Latency Reversing Agents: Kick and Kill of HTLV-1?

Abstract

Human T-cell leukemia virus type 1 (HTLV-1), the cause of adult T-cell leukemia/lymphoma (ATLL), is a retrovirus, which integrates into the host genome and persistently infects CD4⁺ T-cells. Virus propagation is stimulated by (1) clonal expansion of infected cells and (2) de novo infection. Viral gene expression is induced by the transactivator protein Tax, which recruits host factors like positive transcription elongation factor b (P-TEFb) to the viral promoter. Since HTLV-1 gene expression is repressed in vivo by viral, cellular, and epigenetic mechanisms in late phases of infection, HTLV-1 avoids an efficient CD8⁺ cytotoxic T-cell (CTL) response directed against the immunodominant viral Tax antigen. Hence, therapeutic strategies using latency reversing agents (LRAs) sought to transiently activate viral gene expression and antigen presentation of Tax to enhance CTL responses towards HTLV-1, and thus, to expose the latent HTLV-1 reservoir to immune destruction. Here, we review strategies that aimed at enhancing Tax expression and Tax-specific CTL responses to interfere with HTLV-1 latency. Further, we provide an overview of LRAs including (1) histone deacetylase inhibitors (HDACi) and (2) activators of P-TEFb, that have mainly been studied in context of human immunodeficiency virus (HIV), but which may also be powerful in the context of HTLV-1.
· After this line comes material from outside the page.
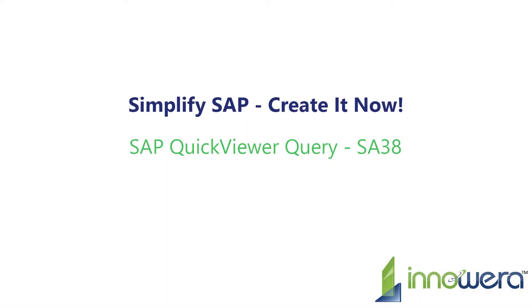Welcome to Innaware, a Simplify SAP Created Now series. In this video, we will demonstrate how to create an SA38 transaction automation script to generate reports based on an SAP Quick Viewer query.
Keywords: ATLL; HDAC-inhibitor (HDACi); HIV; HTLV-1; P-TEFb; Tax; kick and kill; latency; latency reversing agents (LRA); shock and kill.

Figure 1

The Kick and Kill approach. The Kick and Kill approach presents a treatment option for HTLV-1 infection with the objective to eliminate the CD4⁺ T-cells latently infected with HTLV-1. The “KICK” aims to reactivate viral transcription. Consequently, the immunodominant protein Tax will be presented via MHCI on latently infected cells. CD8⁺ T-cells will mediate the “KILL” of this latent viral reservoir. Abbreviations: CD, cluster of differentiation; HTLV-1, human T-cell leukemia virus type 1; MHC I, major histocompatibility complex class I.

Figure 2

Mode of action of histone deacetylase inhibitors (HDACi) as latency reversing agents for HTLV-1. Epigenetic modifications govern transcription of the integrated HTLV-1 genome. Inhibition of histone deacetylases (HDACs) by histone deacetylase inhibitors (HDACi) raises acetylation of histone tails, thereby decreasing their affinity to chromatin. This results in a more permissive chromatin state, favoring transcriptional activation. Thus, the latent viral reservoir can be reactivated more easily. Abbreviations: HDAC, histone deacetylase; HDACi, histone deacetylase inhibitor; LTR, long terminal repeat; HTLV-1, Human T-cell leukemia virus type 1; Ac, acetylated lysine residue; ${\mathrm{PO}}_4^{3-}$ phosphate ion.

Figure 3

Activators of pTEFb as latency-reversing agents for HTLV-1. The cellular function of the positive transcription elongation factor b (P-TEFb) is to release the RNA Pol II from promoter proximal pausing by phosphorylating Ser2 in the carboxyterminal domain. The level of activity of P-TEFb is governed by its existence in complexes with different cellular proteins. In the inactive high molecular weight complex (HMW), P-TEFb interacts with HEXIM1 and 7SK snRNP; in the low molecular weight complex (LMW), P-TEFb complexes with BRD4, thus, activating transcription. Targeting these complexes to achieve the release of P-TEFb facilitates the binding of P-TEFb to the viral transactivator Tax. The complex of pTEFb and Tax could activate HTLV-1 transcription most effectively, resulting in enhanced Tax protein expression. Additionally, complexes between the P-TEFb-related transcription elongation factor ELL2 and Tax exist. Abbreviations: P-TEFb, positive transcription elongation factor b; 7SK snRNP, 7SK small nuclear ribonucleoprotein; HEXIM1, hexamethylene bisacetamide inducible protein 1; HMBA, hexamethylene bisacetamide; BRD4, bromodomain-containing protein 4; LTR, long terminal repeat; HTLV-1, human T-cell leukemia virus type 1.